Print the lines in the listing below that fall between the line with "Make The chicken wings step 2" and the line with "Wandplank Tivmori 110", those two lines included, exactly as they stand and with nothing else.
▶
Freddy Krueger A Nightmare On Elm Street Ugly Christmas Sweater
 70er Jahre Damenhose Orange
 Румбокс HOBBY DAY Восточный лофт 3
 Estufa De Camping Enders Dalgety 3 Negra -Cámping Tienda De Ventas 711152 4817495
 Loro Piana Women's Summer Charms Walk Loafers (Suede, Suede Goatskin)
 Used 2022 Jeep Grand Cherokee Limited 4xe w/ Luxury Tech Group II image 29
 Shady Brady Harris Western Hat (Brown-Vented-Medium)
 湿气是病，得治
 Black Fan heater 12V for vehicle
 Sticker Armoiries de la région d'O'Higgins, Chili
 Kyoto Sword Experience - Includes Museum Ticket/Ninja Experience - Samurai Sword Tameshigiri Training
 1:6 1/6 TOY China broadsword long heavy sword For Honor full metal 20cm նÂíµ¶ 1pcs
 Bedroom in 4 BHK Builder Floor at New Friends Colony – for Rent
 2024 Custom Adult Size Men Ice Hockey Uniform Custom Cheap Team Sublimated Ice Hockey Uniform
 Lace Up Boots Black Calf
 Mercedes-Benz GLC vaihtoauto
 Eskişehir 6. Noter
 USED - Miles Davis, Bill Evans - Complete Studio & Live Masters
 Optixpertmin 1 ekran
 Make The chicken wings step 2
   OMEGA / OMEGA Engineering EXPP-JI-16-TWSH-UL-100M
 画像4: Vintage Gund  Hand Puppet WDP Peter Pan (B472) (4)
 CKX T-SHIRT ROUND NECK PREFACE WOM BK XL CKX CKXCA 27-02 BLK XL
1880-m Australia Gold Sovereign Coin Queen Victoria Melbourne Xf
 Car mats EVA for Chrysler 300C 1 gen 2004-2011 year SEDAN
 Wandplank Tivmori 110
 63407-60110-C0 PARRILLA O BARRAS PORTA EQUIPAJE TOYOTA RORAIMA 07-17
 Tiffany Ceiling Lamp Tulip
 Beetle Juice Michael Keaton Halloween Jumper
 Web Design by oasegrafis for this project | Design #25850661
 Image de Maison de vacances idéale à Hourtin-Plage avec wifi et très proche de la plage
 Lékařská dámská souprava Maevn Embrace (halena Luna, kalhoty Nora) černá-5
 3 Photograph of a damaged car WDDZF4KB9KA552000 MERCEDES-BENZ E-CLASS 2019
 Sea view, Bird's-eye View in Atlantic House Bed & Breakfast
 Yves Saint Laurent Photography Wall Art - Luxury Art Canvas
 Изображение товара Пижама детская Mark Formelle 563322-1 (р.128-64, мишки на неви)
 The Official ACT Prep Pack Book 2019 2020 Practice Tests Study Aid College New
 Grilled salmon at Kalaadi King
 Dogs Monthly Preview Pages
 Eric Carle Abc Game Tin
◀
### Answer to this exercise
 Make The chicken wings step 2
   OMEGA / OMEGA Engineering EXPP-JI-16-TWSH-UL-100M
 画像4: Vintage Gund  Hand Puppet WDP Peter Pan (B472) (4)
 CKX T-SHIRT ROUND NECK PREFACE WOM BK XL CKX CKXCA 27-02 BLK XL
1880-m Australia Gold Sovereign Coin Queen Victoria Melbourne Xf
 Car mats EVA for Chrysler 300C 1 gen 2004-2011 year SEDAN
 Wandplank Tivmori 110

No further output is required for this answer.